In late December, a University Professor, Mian Javed Ahmed, died in judicial custody in Lahore District Jail. The professor, who had been arrested by National Accountability Bureau (NAB) in connection with opening illegal campuses and “minting millions” from students, reportedly experienced a cardiac arrest in jail custody. The Senate Standing Committee for Human Rights, however, was not convinced by this explanation and the chairman of the National Commission for Human Rights (NCHR), retired Justice Ali Nawaz Chowhan, took suo motu notice of his death, to investigate if any human rights of the prisoner were violated in custody. However, little was the NCHR to know that the process would not be so easy.

According to the NCHR, NAB has denied the top human rights body of the country access to its detention centres. After the incident of the Professor’s death, NHCR had written a letter to the anti-graft body with the request to allow a team of the commission to inspect the places of detention yet NAB has not responded to the letter. Without accessing NAB’s detention centres, it will be almost impossible for the NCHR to conduct a thorough investigation on to any probable rights violations that may have occurred to prisoners in custody.

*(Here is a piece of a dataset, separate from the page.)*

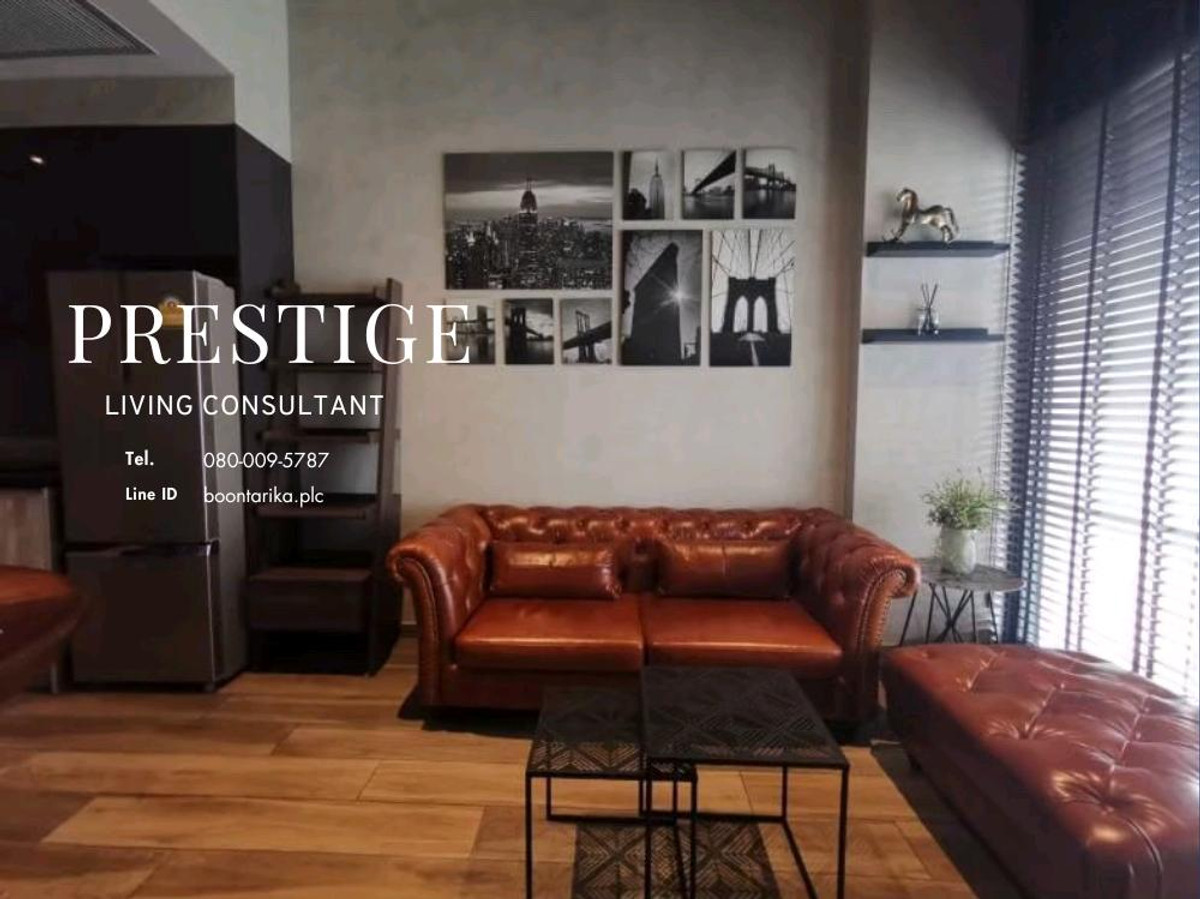 For RentCondoSukhumvit, Asoke, Thonglor : 📌For RENT | The Lofts Asoke - 1BR (35sqm) 26,000 THB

Denying access for an investigation will only undermine NAB’s own credibility on upholding fundamental rights and dignity of prisoners. Not only does this tarnish NAB’s reputation but it is also illegal for the anti-graft body to deny the NHCR access to the detention centres. The commission, which was established under the National Commission for Human Rights Act, 2012, is authorised to work for promotion and protection of human rights with the powers to take suo motu action under Section 9 of the Act. By not allowing NHCR to inspect its detention centres, NAB risks damaging its credibility at a time when the body is under scrutiny for handling sensitive political cases.

This is not the first instance of rights violations reported from detention centres. Former VC of Punjab University had alleged earlier that there were CCTV cameras in the washrooms of NAB’s lockup. These unchecked accesses of Pakistan’s custody centres are particularly worrying considering Pakistan does not have a specific provision outlawing torture, nor are there many human rights protections guaranteed to prisoners. This issue should not be taken lightly- Pakistan has ratified many international conventions which emphasise prisoners’ rights. NAB needs to respect both the domestic and international law, and allow investigation.